Each component in the NLSW/SNLSW feature, as the weight strength of the mutual interaction between the center pixel and non-local spatial pixel, is a function of the similarity of their neighborhood patches. The Euclidean distance used in the NLM algorithm is not suitable for SAR due to its inability to accurately construct the strength of the structural weights. To overcome this problem, we derived and approximated a similarity metric suitable for the multiplicative noise model based on our previous work [
36], where a dedicated statistical distribution of SAR, i.e., the Nakagami–Rayleigh distribution, was assumed. The derived similarity metric was then used to build the weight components. As a result, pixels associated with changes presented larger differences between the corresponding NLSW/SNLSW features compared to those unchanged pixels.

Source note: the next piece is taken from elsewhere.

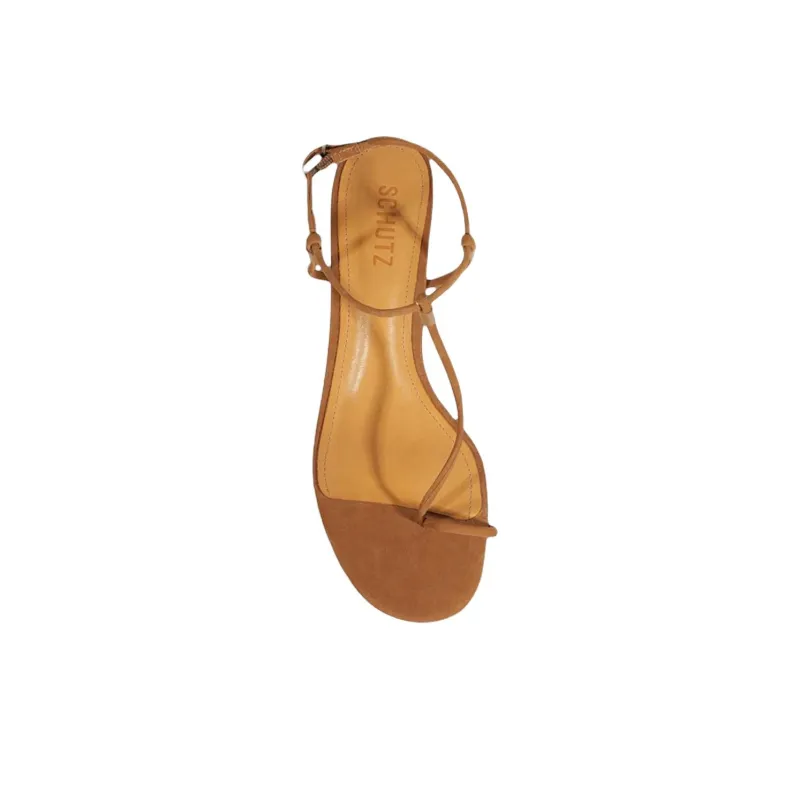 Schutz Elsha Kitten One Strap Sandals 5.5cm Women's Brown-4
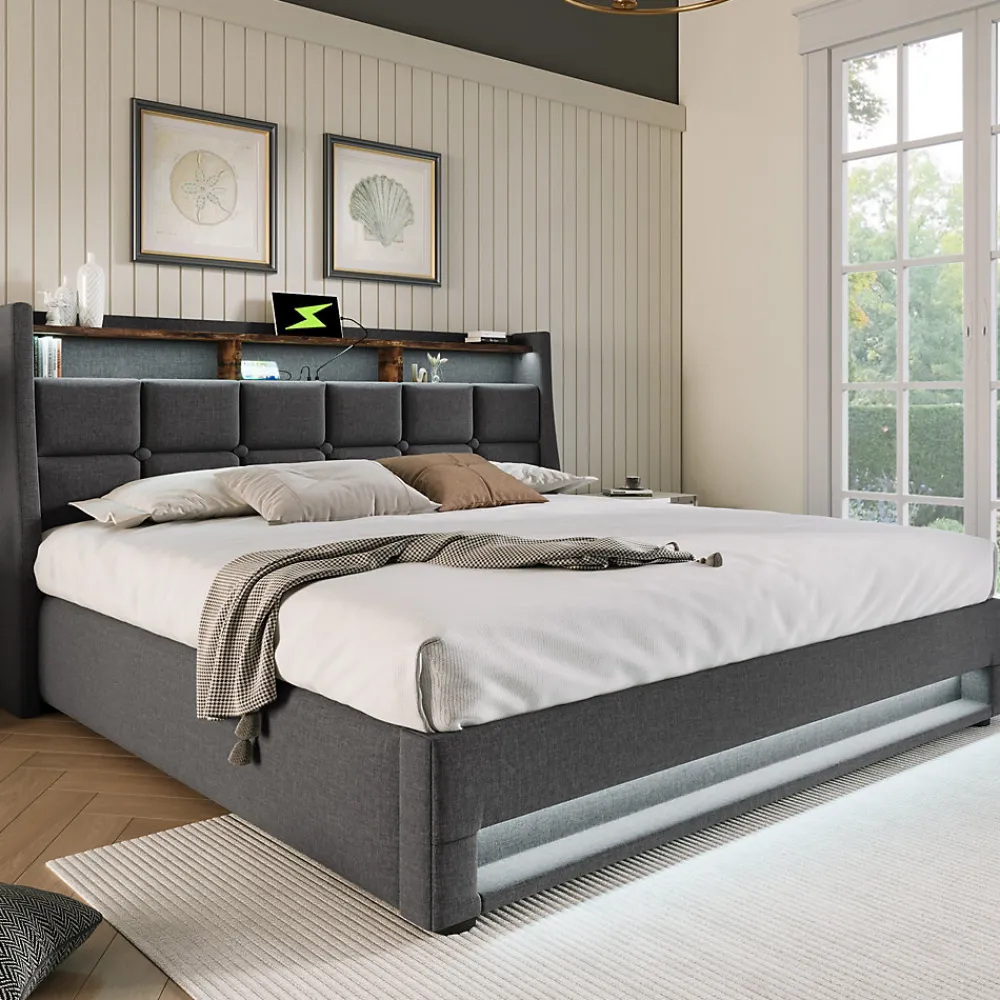 Lit 140x200 cm tapissé lin gris avec éclairage LED et port USB, style vintage moderne, cadre bois-métal>Redom Hot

The conversion of the difference image (DI) to the change map (CM) can be regarded as a threshold segmentation procedure. The constant false alarm rate (CFAR) was employed to automatically extract the change areas with an imposed Rayleigh statistical distribution assumption to avoid the difficulty of estimating the decision threshold using histogram-based methods when the change indicator exhibits a unimodal histogram. Besides, the Otsu threshold, K&I threshold, and TAE were also implemented in the DI analysis step.
The main contributions are as follows:
- (1)
We propose an unsupervised framework for automated SAR change detection. In the DI generation step, we extract the pixelwise non-local structure weight (NLSW) features and detect changes by spatial structure cues. Eventually, the comparability of bi-temporal SAR images (BTSIs) was enhanced.
- (2)
The mathematical proof is given to illustrate the uncertainty of the similarity between patches in the expectation sense when the Euclidean distance is used in multiplicative noise. For this reason, a patch similarity metric, dedicated to the proposed NLSW change detector for BTSIs, was derived and approximated by considering the statistical properties of SAR.
- (3)
The CFAR under the Rayleigh distribution assumption was applied to the DI to generate the final change map, thus avoiding the unimodal histogram problem. The experiments on simulated and real bi-temporal SAR images demonstrated the effectiveness and stability of the proposed method.
The rest of this paper is organized as follows.
Section 2 presents the relevant theories and the proposed framework.
Section 3 presents the experimental results, the parameters’ analysis, and the discussion. The conclusion is provided in
Section 4.